Correlation heatmaps / pairwise inspection
Drop high-VIF columns (VIF > 5 or VIF > 10)
Domain knowledge pruning

Automated Feature Selection:¶

SelectKBest, SelectPercentile
f_classif (ANOVA F-test), chi2, mutual information
RFE, RFECV (recursive feature elimination)
L1-penalized models (Logistic with penalty='l1')

Sample:¶

from sklearn.feature_selection import SelectKBest, mutual_info_classif
selector = SelectKBest(mutual_info_classif, k=20)
X_selected = selector.fit_transform(X, y)

👁️ 6. Interpreting Black-Box Classifiers¶

SHAP — Shapley Additive Explanations:¶

Explains global and local prediction impact
Works on tree-based models and deep learning via KernelSHAP

import shap
explainer = shap.TreeExplainer(model)
shap_values = explainer.shap_values(X_test)
shap.summary_plot(shap_values, X_test)

LIME — Local Interpretable Model-agnostic Explanations:¶

Explains single predictions by approximating with interpretable surrogate

from lime.lime_tabular import LimeTabularExplainer
explainer = LimeTabularExplainer(X_train.values, feature_names=X.columns)
exp = explainer.explain_instance(X_test.iloc[0].values, model.predict_proba)
exp.show_in_notebook()

Other:¶

Permutation importance
Feature impact over time (model monitoring)

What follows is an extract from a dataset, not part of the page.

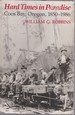 Hard Times in Paradise: Coos Bay, Oregon, 1850-1986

🏛️ 7. Production Readiness & Risk Control¶

Probability Calibration:¶

Ensure predict_proba values are well aligned with reality:

Platt scaling (fit a logistic model on outputs)
Isotonic regression (non-parametric)

from sklearn.calibration import CalibratedClassifierCV
calibrated = CalibratedClassifierCV(model, method='isotonic', cv=5)
calibrated.fit(X_train, y_train)

Cutoff Selection:¶

Use ROC curve to choose operating point
Use cost-based matrix to define loss by FP/FN

Drift Monitoring:¶

Track input distribution drift (using PSI or KS test)
Track model performance decay (ROC, PR, log-loss)
Store snapshots of data profiles during training

📚 8. Reference Patterns & Notebook Templates¶

Logistic regression grid search + ROC thresholding
Random Forest with SMOTE + SHAP summary
Tree boosting pipeline with GridSearchCV + calibration
KNN with scaling, voting heatmap, PR curve
Model comparison template: ROC, PR, confusion matrix
Notebook for SHAP + permutation plots for production audit

📅 TODO:¶

[ ] Add calibration threshold visualizer template
[ ] Add classification cost matrix integration examples
[ ] Add fast model audit checklist for field deployment
[ ] Create flowchart cheat sheet: "Which Classifier Should I Use?"